In the same vein as Wells Fargo and Chase, Everbank today announced it would no longer be offering a wholesale lending channel. While nowhere near the size of the larger banks in terms of assets, Everbank had represented a viable option for many mortgage brokers in the dwindling realm of wholesale lending--especially for jumbo and non-conforming loans (though also offered conventional, FHA and VA loans). The company will close operations centers in Dallas, Texas, Sacramento, California, and Jacksonville, eliminating roughly 150 positions.
"As the housing market recovers and the competitive and regulatory landscape of the residential mortgage industry evolves, we believe now is the time for EverBank to focus on growth opportunities in our retail, direct and correspondent lending businesses," said Robert M. Clements, EverBank's chairman and chief executive officer.

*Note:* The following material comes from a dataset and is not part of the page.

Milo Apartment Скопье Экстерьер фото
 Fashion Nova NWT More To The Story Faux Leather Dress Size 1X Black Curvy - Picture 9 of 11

In a separate email to its wholesale business partners this afternoon, the company noted, "after careful consideration, EverBank has decided to focus its third party origination business solely on Correspondent Lending. As a result we are discontinuing our Wholesale broker channel. As you know, our roots are in the mortgage business and residential lending will continue to be an important part of our future."
The email went on to reassure business partners that the bank remains committed to their correspondent lending channel and also offered a timeline to ensure a "smooth wind down of broker operations." Loan applications can be registered through August 16th, 2013, but must be submitted for underwriting by August 23rd, locked by August 30th and funded/closed by October 1st.